Every artist carries a chapter of struggle, and Navjot’s was long, demanding, and deeply formative. One of the biggest challenges he faced was building continuity as the best new indian singer songwriter in an era where musical collaboration is increasingly fluid.
For emerging singers, especially those trying to build with a band, consistency can be difficult. Instrumentalists today have more opportunities than ever to freelance and perform with multiple artists. While that growth is positive and well deserved, it can make things harder for singers who are still trying to establish a steady team and sound around their work.

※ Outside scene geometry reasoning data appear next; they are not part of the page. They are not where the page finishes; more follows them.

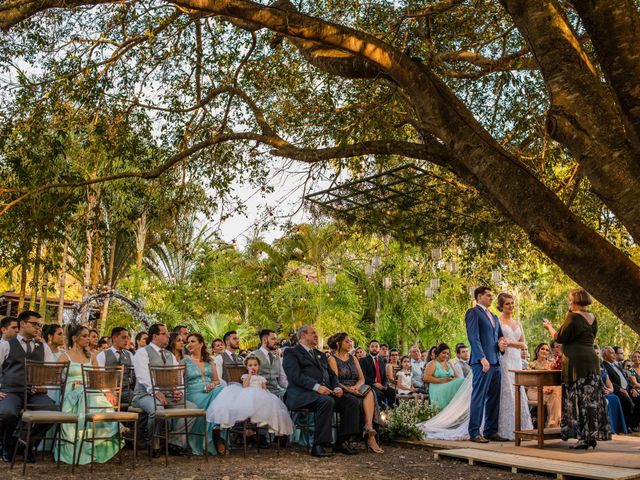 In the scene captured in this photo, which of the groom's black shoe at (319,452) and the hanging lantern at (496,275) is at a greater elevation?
the hanging lantern at (496,275)

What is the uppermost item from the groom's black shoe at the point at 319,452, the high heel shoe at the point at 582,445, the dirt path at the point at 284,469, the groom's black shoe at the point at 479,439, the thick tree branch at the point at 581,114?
the thick tree branch at the point at 581,114

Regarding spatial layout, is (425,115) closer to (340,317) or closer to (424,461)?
(424,461)

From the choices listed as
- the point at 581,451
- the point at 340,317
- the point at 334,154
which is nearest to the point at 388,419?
the point at 581,451

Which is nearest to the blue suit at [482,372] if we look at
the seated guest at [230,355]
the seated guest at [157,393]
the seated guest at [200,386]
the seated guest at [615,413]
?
the seated guest at [615,413]

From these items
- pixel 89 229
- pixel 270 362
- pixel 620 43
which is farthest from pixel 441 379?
pixel 620 43

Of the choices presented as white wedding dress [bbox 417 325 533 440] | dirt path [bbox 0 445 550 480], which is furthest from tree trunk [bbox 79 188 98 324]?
white wedding dress [bbox 417 325 533 440]

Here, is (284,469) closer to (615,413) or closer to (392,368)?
(392,368)

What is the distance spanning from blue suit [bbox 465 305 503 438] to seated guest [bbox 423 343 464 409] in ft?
7.01

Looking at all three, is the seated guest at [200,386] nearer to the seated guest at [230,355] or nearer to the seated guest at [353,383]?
the seated guest at [230,355]

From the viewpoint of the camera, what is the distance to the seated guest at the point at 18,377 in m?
8.65

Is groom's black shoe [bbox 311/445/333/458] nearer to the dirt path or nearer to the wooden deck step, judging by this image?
the dirt path

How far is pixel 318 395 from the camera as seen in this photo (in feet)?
31.1

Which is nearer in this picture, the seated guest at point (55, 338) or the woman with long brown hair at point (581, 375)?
the woman with long brown hair at point (581, 375)

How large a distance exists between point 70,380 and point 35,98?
3.65 meters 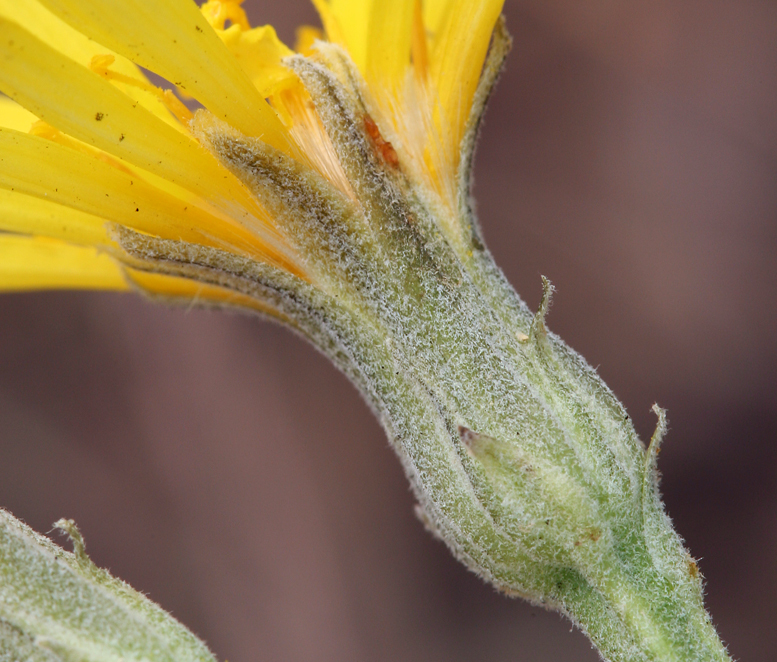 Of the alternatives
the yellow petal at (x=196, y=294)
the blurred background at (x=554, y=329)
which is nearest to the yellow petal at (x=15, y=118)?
the yellow petal at (x=196, y=294)

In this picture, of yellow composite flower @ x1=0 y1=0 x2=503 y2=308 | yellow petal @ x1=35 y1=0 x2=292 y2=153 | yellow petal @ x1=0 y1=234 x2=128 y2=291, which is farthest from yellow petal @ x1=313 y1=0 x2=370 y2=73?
yellow petal @ x1=0 y1=234 x2=128 y2=291

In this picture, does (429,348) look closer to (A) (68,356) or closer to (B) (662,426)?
(B) (662,426)

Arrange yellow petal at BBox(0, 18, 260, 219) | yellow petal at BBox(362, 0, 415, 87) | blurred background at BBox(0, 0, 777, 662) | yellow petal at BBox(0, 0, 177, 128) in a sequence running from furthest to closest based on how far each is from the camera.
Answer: blurred background at BBox(0, 0, 777, 662), yellow petal at BBox(0, 0, 177, 128), yellow petal at BBox(362, 0, 415, 87), yellow petal at BBox(0, 18, 260, 219)

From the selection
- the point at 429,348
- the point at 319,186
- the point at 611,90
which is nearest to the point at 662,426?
the point at 429,348

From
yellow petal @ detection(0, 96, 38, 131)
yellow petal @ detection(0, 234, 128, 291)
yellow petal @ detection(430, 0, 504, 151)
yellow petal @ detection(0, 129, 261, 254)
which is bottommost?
yellow petal @ detection(0, 234, 128, 291)

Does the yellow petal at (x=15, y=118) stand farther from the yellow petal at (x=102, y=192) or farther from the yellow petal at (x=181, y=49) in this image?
the yellow petal at (x=181, y=49)

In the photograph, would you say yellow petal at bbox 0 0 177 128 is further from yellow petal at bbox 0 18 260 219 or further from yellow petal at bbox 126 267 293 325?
yellow petal at bbox 126 267 293 325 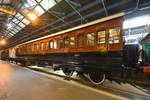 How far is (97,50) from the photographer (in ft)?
8.54

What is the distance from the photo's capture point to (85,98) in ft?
6.32

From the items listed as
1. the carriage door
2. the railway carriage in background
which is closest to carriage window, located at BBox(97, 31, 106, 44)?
the railway carriage in background

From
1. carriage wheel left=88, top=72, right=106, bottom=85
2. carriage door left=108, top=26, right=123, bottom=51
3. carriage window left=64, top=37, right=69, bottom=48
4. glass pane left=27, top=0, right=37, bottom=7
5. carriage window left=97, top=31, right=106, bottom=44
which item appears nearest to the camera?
carriage door left=108, top=26, right=123, bottom=51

For Navjot, one of the most difficult phases came during 2021 and 2022, when he was doing club shows almost every day. It was a period of relentless performance, but not always personal fulfillment. He was largely singing covers because clubs were not open to original songs that audiences did not yet know.
For a new Indian singer and songwriter, that can be a painful compromise. To perform constantly and still not have the freedom to share your own voice requires not just resilience, but restraint.
“Khat” and the Grace of Staying Unchanged
After 14 years of effort, Navjot’s new love song Khat became a defining milestone. Professionally, he acknowledges that the song changed how society viewed him as a musician. It strengthened his place in the public eye and altered his standing in meaningful ways.
Yet personally, he remains unchanged.
That is perhaps the most striking part of his story. Navjot says his routine is still the same. His calm is still the same. His writing process is still the same. He does not want success or failure to interfere with the purity of his art. For him, emotional detachment from public outcomes is essential because the moment an artist becomes too attached to validation, the writing begins to shift.
His joy comes not from numbers, but from the attempt. If he has tried to improve his skill today, if he has written his heart out more honestly than before, then he is at peace.
Growth, Not Glory, Remains the Real Goal
Even now, Navjot is not consumed by labels such as singles artist, performer, or digital success story. His focus remains deeply personal. He wants to sing better. He wants to play instruments better. He wants to understand himself more. And he wants to become a kinder person.
That is what makes Navjot Ahuja’s journey so moving. It is not simply the story of a musician finding recognition. It is the story of an artist who continues to grow inward, even as the world begins to look outward at him. In an age obsessed with applause, Navjot reminds us that the most meaningful success often begins in silence, honesty, and the courage to remain true to oneself.